■ **Exercise details**:
Going line by line through the records below, write out everything starting with the line containing "Messer mit dunklem Griffmaterial" and going on through the line containing "2016 Toyota Fortuner", exactly and inclusively. Pictures do not go in.

■ **Recorded data**:
=====

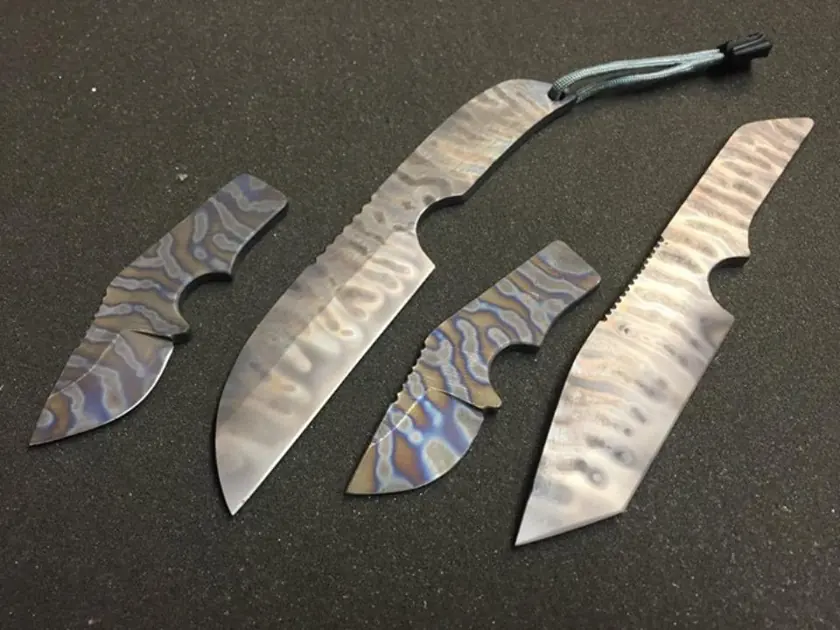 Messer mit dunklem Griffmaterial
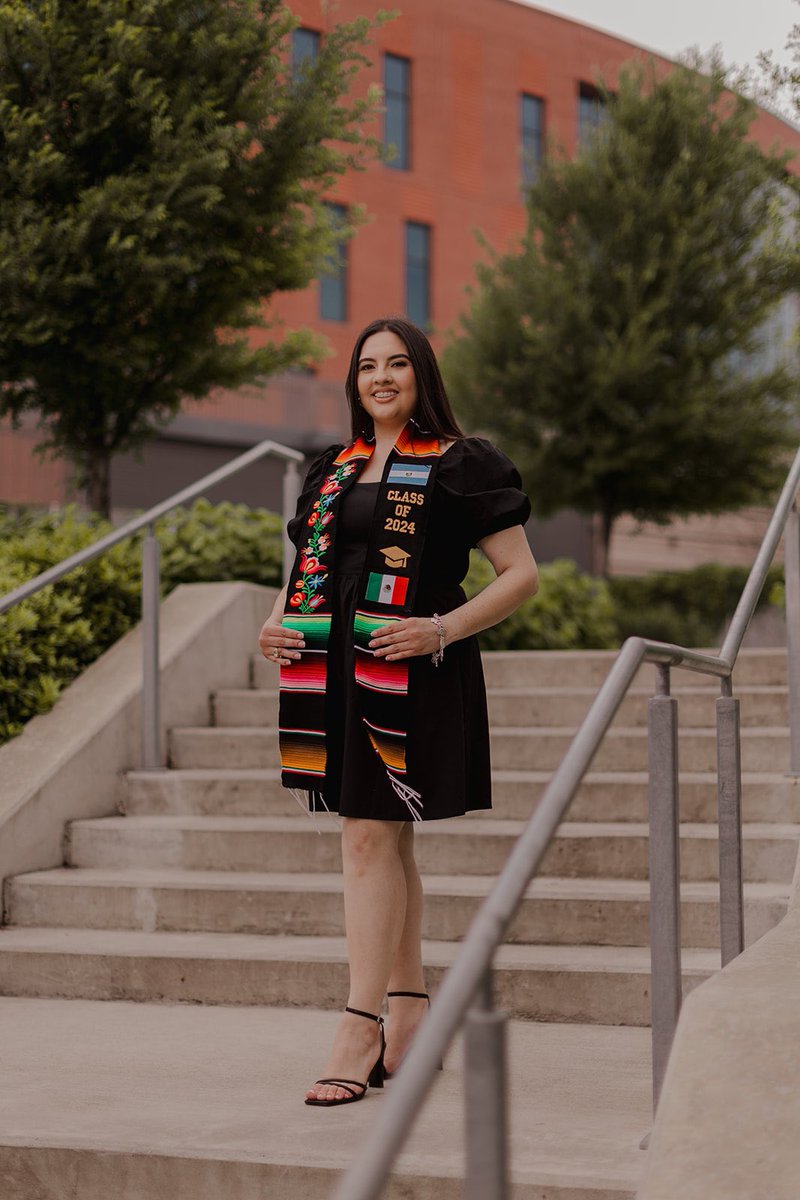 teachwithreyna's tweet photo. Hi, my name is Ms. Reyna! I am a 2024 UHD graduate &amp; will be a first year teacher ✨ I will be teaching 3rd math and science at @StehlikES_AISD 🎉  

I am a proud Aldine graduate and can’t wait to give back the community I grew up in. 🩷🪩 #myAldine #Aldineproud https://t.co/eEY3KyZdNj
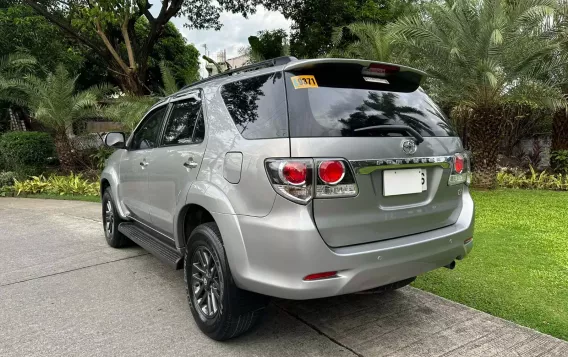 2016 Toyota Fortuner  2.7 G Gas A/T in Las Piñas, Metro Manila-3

=====

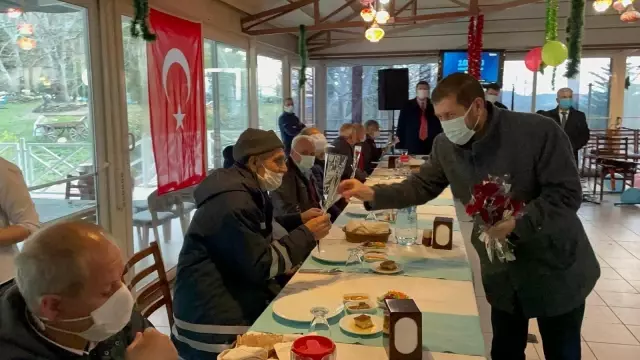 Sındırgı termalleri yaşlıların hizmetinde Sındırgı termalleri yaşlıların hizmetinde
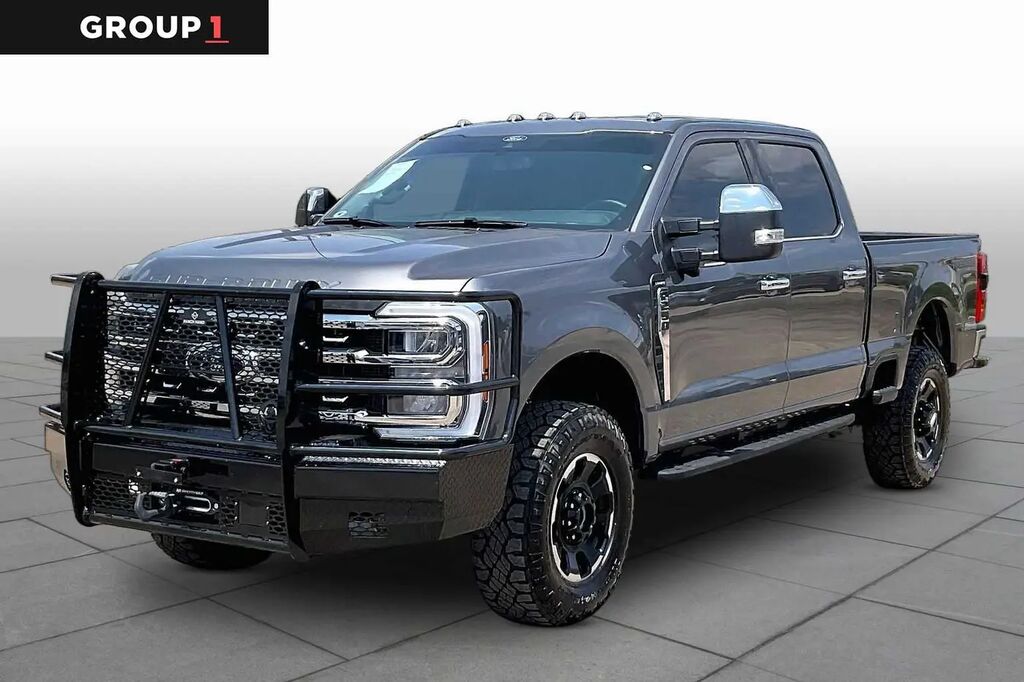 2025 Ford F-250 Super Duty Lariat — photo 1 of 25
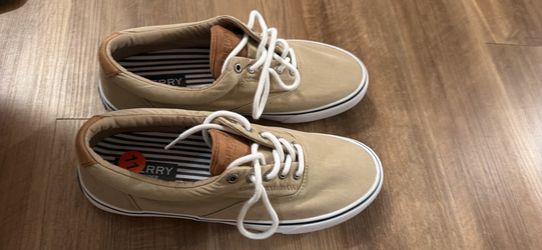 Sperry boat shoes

=====

■ **Solution**:
 Messer mit dunklem Griffmaterial
 teachwithreyna's tweet photo. Hi, my name is Ms. Reyna! I am a 2024 UHD graduate &amp; will be a first year teacher ✨ I will be teaching 3rd math and science at @StehlikES_AISD 🎉  

I am a proud Aldine graduate and can’t wait to give back the community I grew up in. 🩷🪩 #myAldine #Aldineproud https://t.co/eEY3KyZdNj
 2016 Toyota Fortuner  2.7 G Gas A/T in Las Piñas, Metro Manila-3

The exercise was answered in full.